Recently I've changed career paths and have moved out of the city I lived in and loved for the past three years.
In this new city in the mornings, I grab a coffee to-go and walk around in the freezing cold. This is my happy half hour of zen. The combination of heat from the coffee cup, mixed with the cold from the the falling snow, gives me an odd sense of calmness and ability to think about things clearly while I'm away from screens.
The ability to just go outside and see the sky in the morning, casting myself up into the clouds and looking down at myself from above, reminds me that whatever anxieties and depressing thoughts I have today, they are perhaps insignificant in the grand scheme of things.

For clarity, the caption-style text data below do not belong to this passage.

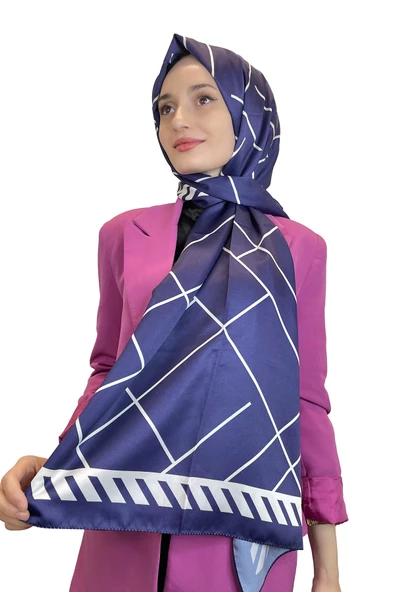 Shecarf Quare Çizgi Desen İpeksi Şal 01117  KOYU MOR ürün görseli 1
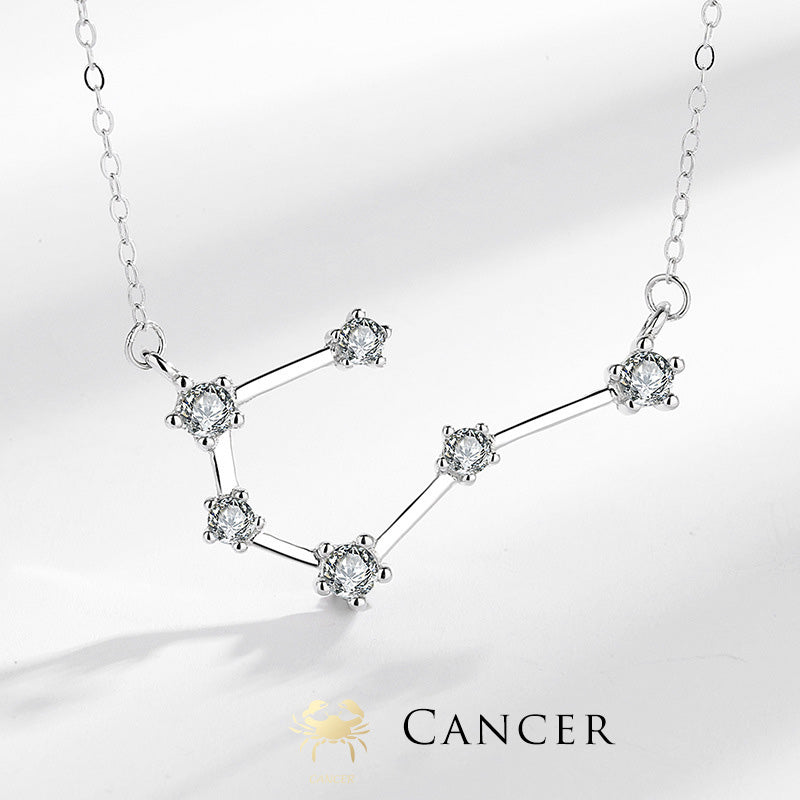 Collar Foviel de plata de ley 925 con las 12 constelaciones del zodiaco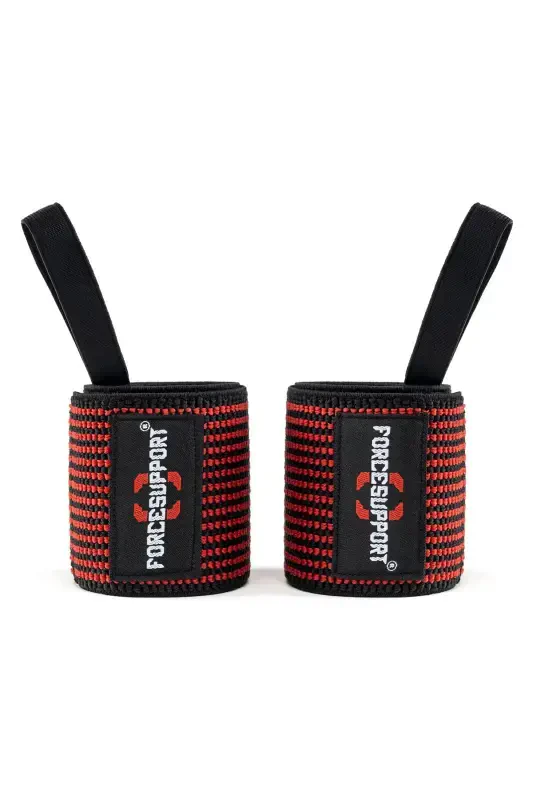 Force Fitness Crossfit Bodyweight Support Wristband Black-red Embroidered (2 PCS) Şk-123 - 2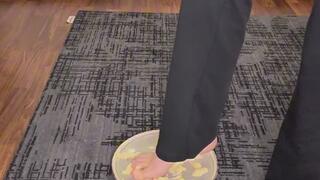 Dirty Foot Banana Crush & Slave Licks the Mush Under My Feet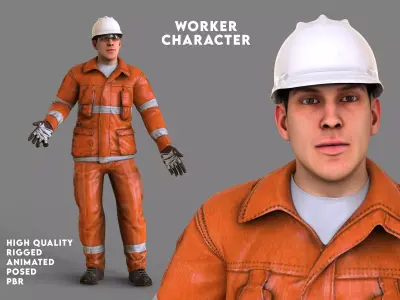 Worker Man rigged Animated Low-poly 3D model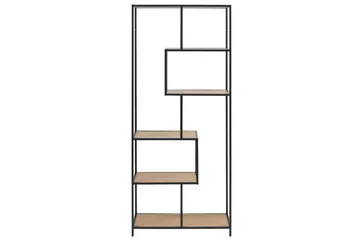 Seaford Hylde 77x35x185 cm Eg/Sort - Opbevaring - Hylder & Reoler - Bogreol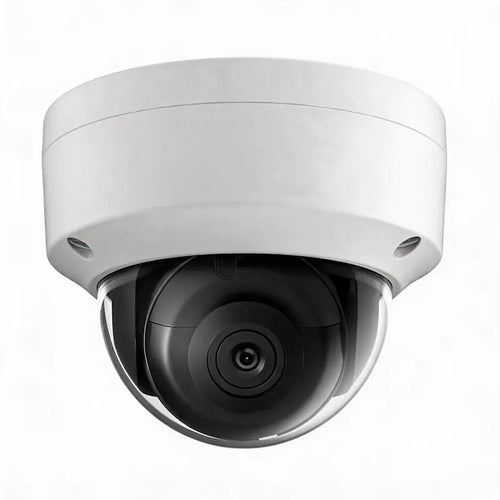 DS-2CD2183G0-I 8MP IK10 vandal-resistant dome camera installed at a commercial building entrance for reliable indoor and outdoor surveillance
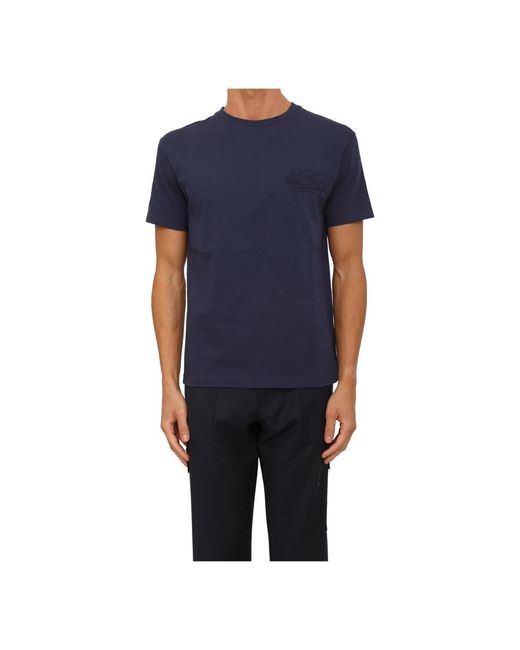 Etro Tops ,Blauw ,Katoen T-Shirt Logo in het Blue voor heren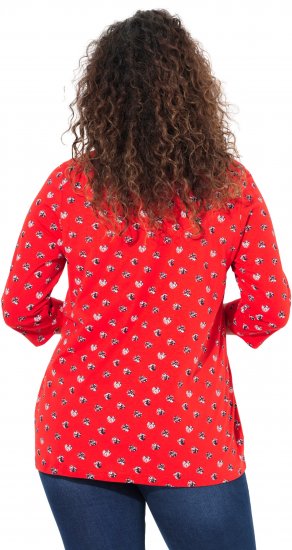 Ulla Popken Minimal Floral Print 3/4 Sleeve Tee Neon Red - Bedruckte T-shirts für herren - Bedruckte Damen-T-Shirts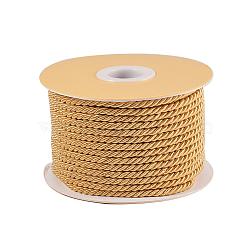 Nylon Threads, Milan Cords/Twisted Cords, Goldenrod, 3mm, about 21.87 yards(20m)/roll(NWIR-N003-3mm-14B)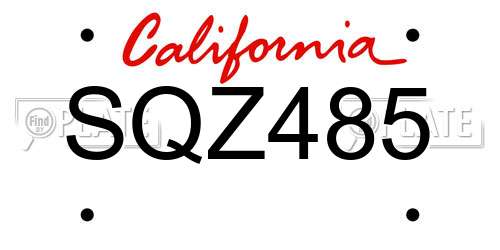 SQZ485 California License Plate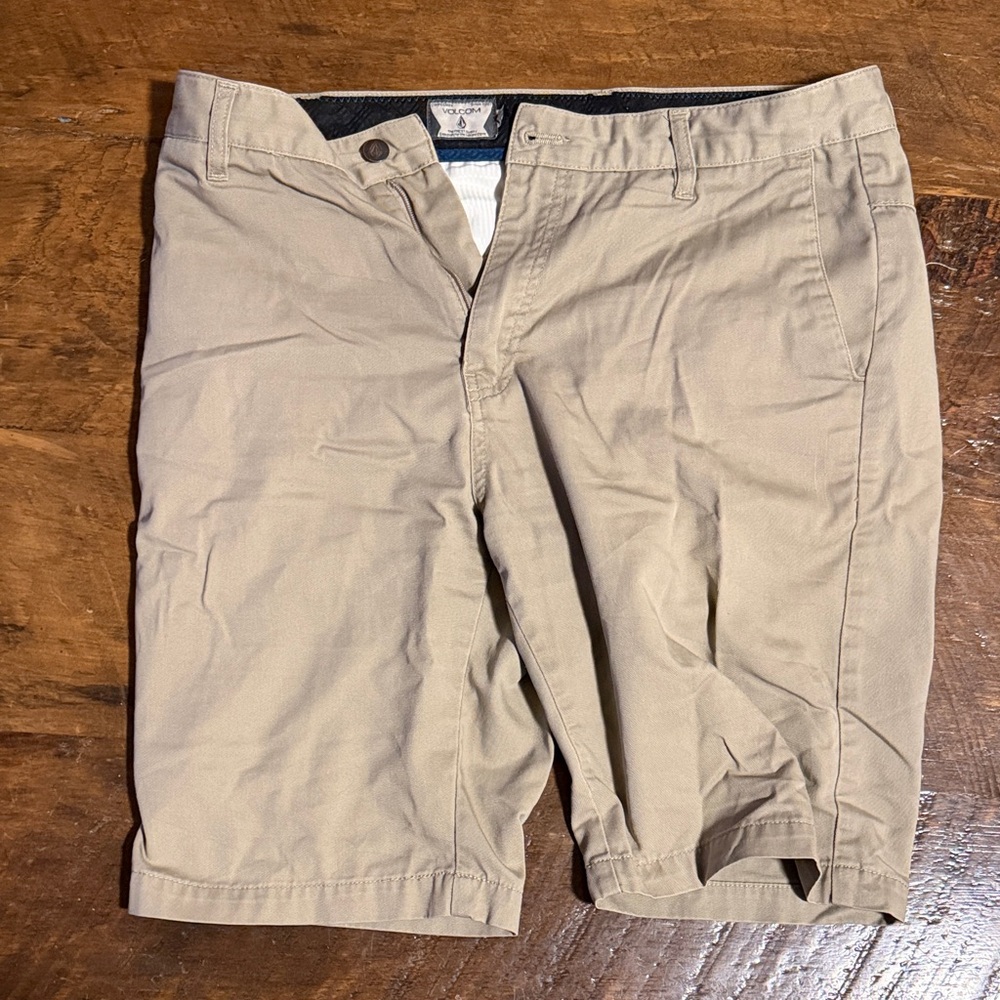 Volcom Men's Khaki Flat Front Shorts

The things I think about on this walk vary; It feels tiring to start over, I am struggling to maintain relationships with people from my past over digital constructs (to expand on this thought, I think of these relationships as being in a crowd of people at a train station. You're on an invisible spline, briskly heading from random waypoint to waypoint, when you come close to a friendly face. You know there will be seconds for any exchange of words to be registered by the other person, because they are also walking fast, and it's like neither of you can stop moving for a minute to tell the other person something. Then there's the uncertainty of when you'll run into them again and hear from them, which gives every encounter with them more weight and urgency, and it goes on like this ad infinitum); how can I forge new relationships with people IRL after graduating college, dealing with insanely unbalanced work/life, and the isolating effects of working in post production; this weird and new see-saw between acting professionally as a 25-year-old and realizing that growing up does not mean losing the fun in life.
I keep a list of things to cross off in a notebook that I believe will help slowly beat my depression and that keep me focused. I tackle one thing at a time, even if it takes a really long time to accomplish it.
It is a fight to not let the darkness overtake the light many days, but I like to quote Sly Stallone when he tells Adonis in Creed, "One step at a time, one punch at a time, one round at a time."